# What to work on:
Beginning with the line that contains "Navajo Ceremonial Baskets: Sacred" and ending with the line that contains "澳門一碼一特一期預(yù)測", reproduce the lines of the entries below exactly, omitting pictures.

# Records for the task:
++++

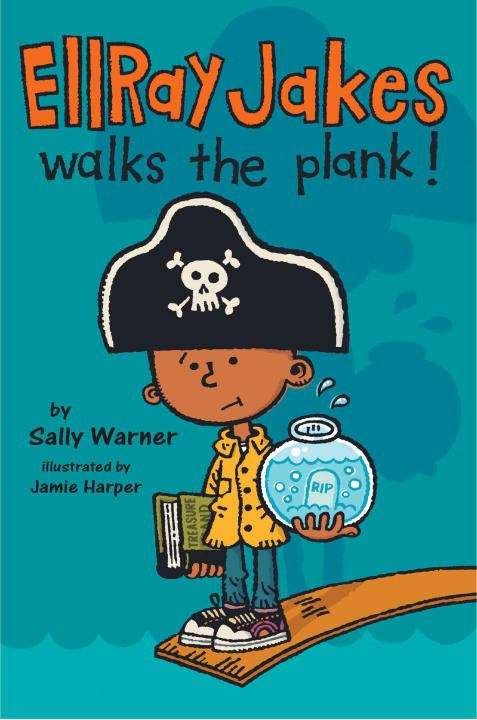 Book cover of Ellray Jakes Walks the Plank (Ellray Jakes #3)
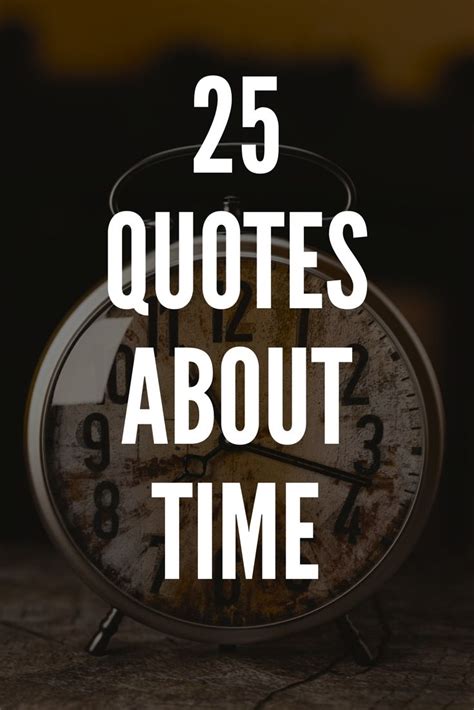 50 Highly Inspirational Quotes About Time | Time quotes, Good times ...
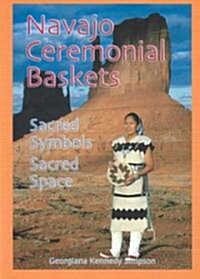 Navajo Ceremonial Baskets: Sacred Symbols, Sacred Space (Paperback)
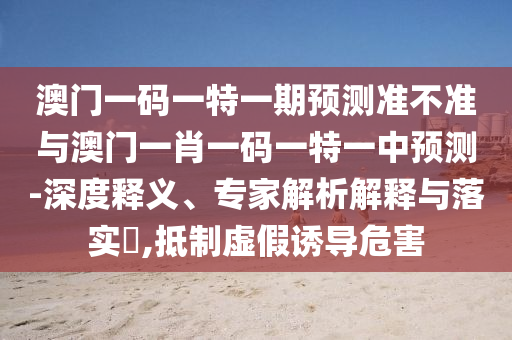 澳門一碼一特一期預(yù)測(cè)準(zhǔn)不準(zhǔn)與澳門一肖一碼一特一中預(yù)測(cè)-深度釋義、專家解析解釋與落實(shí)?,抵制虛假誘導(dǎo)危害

++++

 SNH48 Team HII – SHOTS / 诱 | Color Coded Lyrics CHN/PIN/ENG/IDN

++++

# Finished exercise:
 Navajo Ceremonial Baskets: Sacred Symbols, Sacred Space (Paperback)
 澳門一碼一特一期預(yù)測(cè)準(zhǔn)不準(zhǔn)與澳門一肖一碼一特一中預(yù)測(cè)-深度釋義、專家解析解釋與落實(shí)?,抵制虛假誘導(dǎo)危害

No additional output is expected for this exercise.